*** Opening Provided material ***
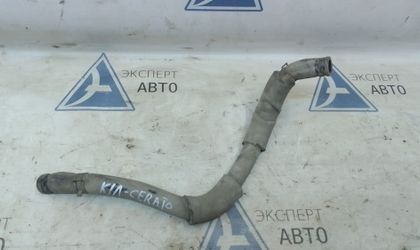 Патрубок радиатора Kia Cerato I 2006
*** Closing Provided material ***
*** Opening Provided material ***
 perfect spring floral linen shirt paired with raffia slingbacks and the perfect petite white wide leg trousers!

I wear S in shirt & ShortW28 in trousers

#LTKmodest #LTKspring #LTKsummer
*** Closing Provided material ***
From the entries above, return each line with the word "trousers" in it.

 perfect spring floral linen shirt paired with raffia slingbacks and the perfect petite white wide leg trousers!
I wear S in shirt & ShortW28 in trousers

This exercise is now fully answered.